Das historische Mali profitiert zudem von seiner geografischen Lage zwischen Wüste, Savanne und Wald. Der Handel mit Produkten, die in der jeweils anderen Zone fehlen, ist ein Motor der Wirtschaft. Große Karawanen bringen das Salz von der Küste und Kola-Nüsse aus den Wäldern im Süden bis ans Mittelmeer. Die Schalen von Kaurimuscheln und Goldstaub dienen als Währung, Nuggets sind dem König vorbehalten.

Mittelpunkt der Macht war Sundiata, der König der Könige

Der legendäre Reichsgründer Sundiata Keïta ist heute noch Teil der Gesänge der Griots.

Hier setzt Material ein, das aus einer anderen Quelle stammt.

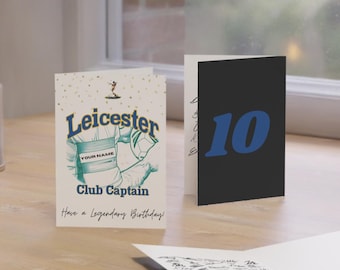 Leicester Birthday Card SIGNED by Team – Player Autographs – Personalised Football Fan Gift – Memorabilia - Collectible - ‘Club Captain!’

Er einigt im 13. Jahrhundert die Clans der Mandinke, einer Ethnie aus der Gruppe der Mandé. Die Griots schreiben seine Macht magischen Kräften zu – dabei ist es auch ihre Magie, die im Mittelalter zum Wachstum Malis beiträgt: Sie besingen die Überlegenheit der Mandé-Kultur. Die Propaganda wirkt. Bis heute prägen Mandinké Mali politisch, obwohl sie nur rund sechs Prozent der Bevölkerung stellen.

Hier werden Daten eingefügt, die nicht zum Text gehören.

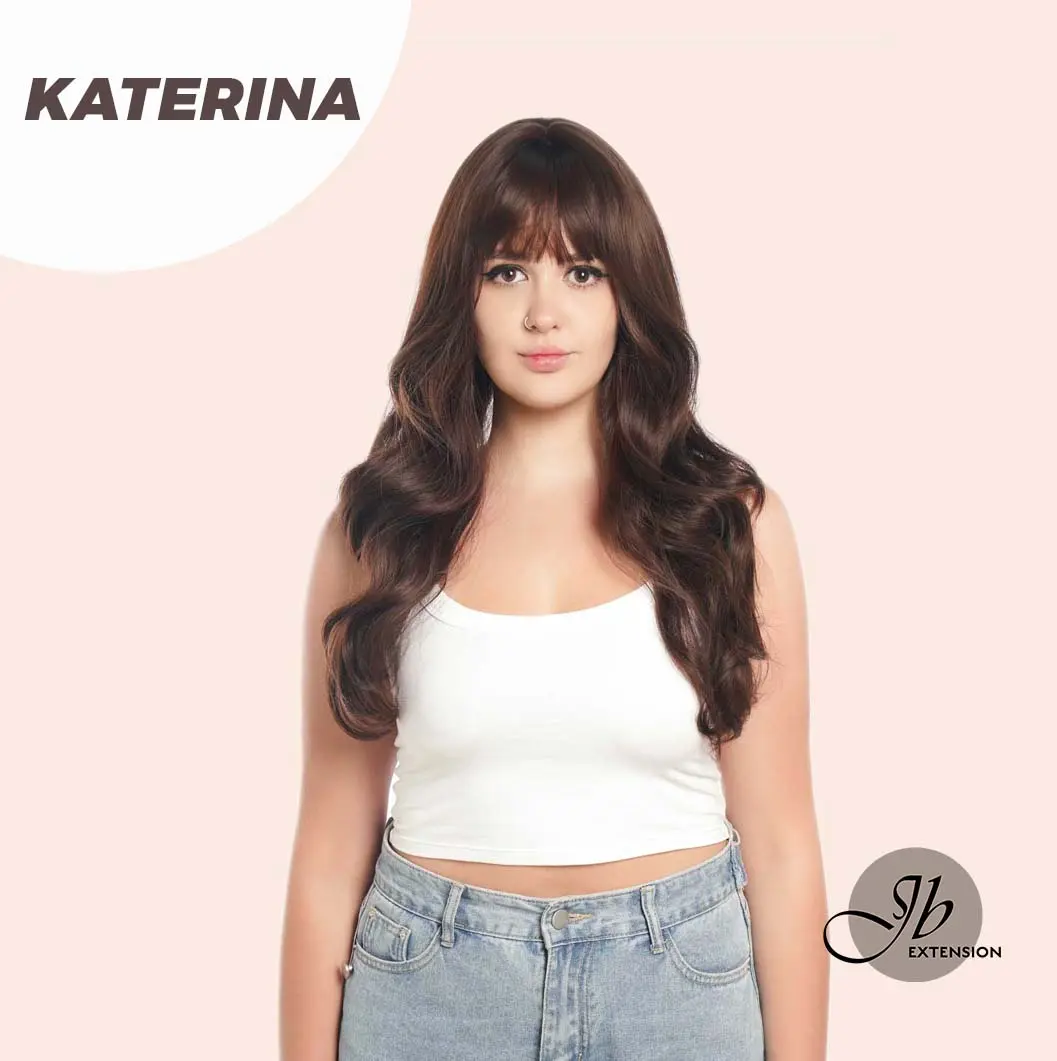 【4.25】EXCLUSIVE-JBEXTENSION 24 Inches Curly Brown Women Fashion Wig With Bangs KATERINA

Sundiatas Zauberkräfte haben eine sehr reale Basis. Seine legendäre Hauptstadt Niani haben Archäologen jüngst am Fluss Sankarani im heutigen Ghana lokalisiert, in einer an Eisen und Gold reichen Gegend, am Kreuzungspunkt wichtiger Handelsstraßen. Seine Residenz umgeben Stadtviertel, die Schlüsselgewerben vorbehalten waren: Schmieden, Sattlern, Webern, Fischern.

Zu den weniger magischen Grundlagen seiner Macht zählt auch, dass Sundiata klare Strukturen einführt, um die Befugnisse von Clan-Führern zu regeln. Eine Versammlung der Clans, die Gbara, dient als eine Art Parlament. Ein Teil der Clans, die "Köcherträger", ist für militärische Fragen zuständig, ein anderer – darunter Sundiatas eigener Clan, die Keïta – für Führerschaft. Ein dritter Teil regelt Glaubensfragen und ein vierter wichtige Gewerbe. Sundiata selbst macht sich zum Mansa, zum "König der Könige".

Leserkommentare
  1. Der Imperialismus quälte und quält das Land seid Ewigkeiten.
    Wenn die Bevölkerung nun mit Hilfe des Islams sich befreit, auch gut.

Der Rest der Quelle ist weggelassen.